The Final Day of ICA4 began with two thought-provoking lectures from **Shimon Ullman **and Zaven Paré, discussing how humans extract information from complex scenes and the peculiar nature of the relationship between humans and robots. Pare then revealed a provocative example of an existing robot that is addressed to isolation in a contemporary urban environment.

The Fellows then took a break to explore the 3D virtual campus of the Paris IAS, called Teemew Campus Alpha, in which lounges, public seminar rooms, private meeting rooms and workshops are accessible to ICA4 Fellows and Mentors. Each Academia member possesses an avatar, created from his/her own image, which is then used to navigate through the IAS cyber campus.

The Fellows then discussed their follow-up tasks and next step(s). The first session of ICA4 in Paris was then wrapped up with a presentation from, this time, the Fellows! They highlighted some questions to explore further, ideas for research papers, an interdisciplinary manifesto for Artificial Intelligence and finally, they reflected on the key takeaways from the entire event.

The intellectually intense series of events was finally concluded with some cocktails at the Paris IAS, marking the very beginning of a series of scientific adventures which are yet to come, as the ICA4 Fellows continue to collectively explore some seemingly never-ending questions through combining various perspectives on Intelligence and Artificial Intelligence, ultimately discovering and shaping how such complex matters should, and will be, embedded within societies...

The top-down and bottom-up in visual processing

Presented by Shimon Ullman

A major question in visual processing is how humans extract information from complex scenes. Images often tell us a story! Extracting such a narrative from a complex scene is a sophisticated task. There is a great deal of cultural and situational knowledge that serves as the background for directing attentional and visual processing resources.

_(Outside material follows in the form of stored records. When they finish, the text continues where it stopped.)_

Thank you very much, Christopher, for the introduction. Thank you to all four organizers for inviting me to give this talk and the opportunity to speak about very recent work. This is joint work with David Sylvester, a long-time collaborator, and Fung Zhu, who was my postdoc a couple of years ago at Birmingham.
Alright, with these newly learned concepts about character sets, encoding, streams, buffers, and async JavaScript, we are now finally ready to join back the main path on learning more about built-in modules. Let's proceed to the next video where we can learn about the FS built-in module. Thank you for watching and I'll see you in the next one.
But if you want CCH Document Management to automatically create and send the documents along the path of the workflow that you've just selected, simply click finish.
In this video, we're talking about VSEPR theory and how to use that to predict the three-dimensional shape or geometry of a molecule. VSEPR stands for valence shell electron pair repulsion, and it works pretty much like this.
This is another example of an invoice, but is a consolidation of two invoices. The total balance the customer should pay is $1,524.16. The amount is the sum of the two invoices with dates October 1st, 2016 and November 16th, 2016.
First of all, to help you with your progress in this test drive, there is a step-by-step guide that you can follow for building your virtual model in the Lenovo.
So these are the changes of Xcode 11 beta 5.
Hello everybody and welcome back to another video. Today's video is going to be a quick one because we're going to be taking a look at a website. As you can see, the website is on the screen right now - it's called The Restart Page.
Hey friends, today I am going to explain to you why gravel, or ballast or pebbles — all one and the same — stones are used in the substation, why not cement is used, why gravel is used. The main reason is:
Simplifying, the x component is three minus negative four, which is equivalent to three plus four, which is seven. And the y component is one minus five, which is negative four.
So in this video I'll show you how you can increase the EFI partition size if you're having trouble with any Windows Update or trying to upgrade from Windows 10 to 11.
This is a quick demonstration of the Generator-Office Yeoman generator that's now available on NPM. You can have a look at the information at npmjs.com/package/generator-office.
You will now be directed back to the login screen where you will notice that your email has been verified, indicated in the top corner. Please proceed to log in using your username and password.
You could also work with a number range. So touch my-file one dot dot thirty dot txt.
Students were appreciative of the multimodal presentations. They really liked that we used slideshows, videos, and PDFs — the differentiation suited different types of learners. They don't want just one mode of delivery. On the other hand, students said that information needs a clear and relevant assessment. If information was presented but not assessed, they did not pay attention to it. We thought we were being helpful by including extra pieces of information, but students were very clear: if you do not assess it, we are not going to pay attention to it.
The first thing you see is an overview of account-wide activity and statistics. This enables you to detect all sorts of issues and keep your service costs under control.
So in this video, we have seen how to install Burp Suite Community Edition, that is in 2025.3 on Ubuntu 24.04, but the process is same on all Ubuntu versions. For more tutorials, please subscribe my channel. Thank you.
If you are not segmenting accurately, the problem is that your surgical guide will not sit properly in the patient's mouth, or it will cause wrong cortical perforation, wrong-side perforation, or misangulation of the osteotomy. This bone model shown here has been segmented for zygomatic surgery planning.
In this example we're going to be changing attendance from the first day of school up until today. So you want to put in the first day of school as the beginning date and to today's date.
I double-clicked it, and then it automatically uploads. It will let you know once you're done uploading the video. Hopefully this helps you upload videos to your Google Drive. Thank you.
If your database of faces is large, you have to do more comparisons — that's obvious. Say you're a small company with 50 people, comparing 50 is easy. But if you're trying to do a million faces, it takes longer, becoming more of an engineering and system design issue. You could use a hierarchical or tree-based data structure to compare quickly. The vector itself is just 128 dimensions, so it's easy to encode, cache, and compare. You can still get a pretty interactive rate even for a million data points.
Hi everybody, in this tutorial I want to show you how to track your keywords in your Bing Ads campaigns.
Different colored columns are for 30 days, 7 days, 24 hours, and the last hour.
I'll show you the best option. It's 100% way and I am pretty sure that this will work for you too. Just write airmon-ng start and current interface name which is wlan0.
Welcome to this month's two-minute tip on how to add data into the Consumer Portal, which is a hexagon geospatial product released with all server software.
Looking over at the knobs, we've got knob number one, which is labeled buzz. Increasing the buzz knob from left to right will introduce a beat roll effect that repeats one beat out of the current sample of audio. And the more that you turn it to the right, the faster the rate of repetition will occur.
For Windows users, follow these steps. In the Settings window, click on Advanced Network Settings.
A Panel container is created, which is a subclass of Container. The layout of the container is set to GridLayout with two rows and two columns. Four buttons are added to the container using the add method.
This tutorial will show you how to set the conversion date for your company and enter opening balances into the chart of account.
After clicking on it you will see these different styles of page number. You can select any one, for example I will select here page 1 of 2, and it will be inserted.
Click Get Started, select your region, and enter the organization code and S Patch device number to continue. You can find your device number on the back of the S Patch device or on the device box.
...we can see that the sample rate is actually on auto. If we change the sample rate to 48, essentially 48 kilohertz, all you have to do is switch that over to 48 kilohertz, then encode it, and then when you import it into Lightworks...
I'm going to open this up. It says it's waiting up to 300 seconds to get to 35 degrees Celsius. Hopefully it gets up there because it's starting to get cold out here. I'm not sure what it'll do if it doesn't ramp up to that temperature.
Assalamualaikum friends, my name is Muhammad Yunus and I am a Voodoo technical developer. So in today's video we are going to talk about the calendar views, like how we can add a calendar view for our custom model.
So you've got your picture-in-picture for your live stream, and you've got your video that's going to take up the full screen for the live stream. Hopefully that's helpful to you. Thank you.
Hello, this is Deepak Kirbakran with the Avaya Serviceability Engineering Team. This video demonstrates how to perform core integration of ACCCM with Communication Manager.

Deep neural networks have made substantial progress in certain types of visual processing tasks. But there are massive data requirements. Merely identifying objects and characteristics is not enough to account for relationships between objects. Humans are very fast at identifying the important features in an image that relate to structure and narrative. There is an interesting set of psychophysics studies that examine how people extract information based on the time of exposure to an image. What we learn from these studies is that there is a substantial amount of cross-talk between visual and cognitive systems. It’s not the case that the visual system just analyses a scene and then sends the processed information upstream. Rather some visual information goes up to the cognitive centres, and that information is used to direct queries carried out by the visual system, which sends information up to the cognitive centres in an iterative process.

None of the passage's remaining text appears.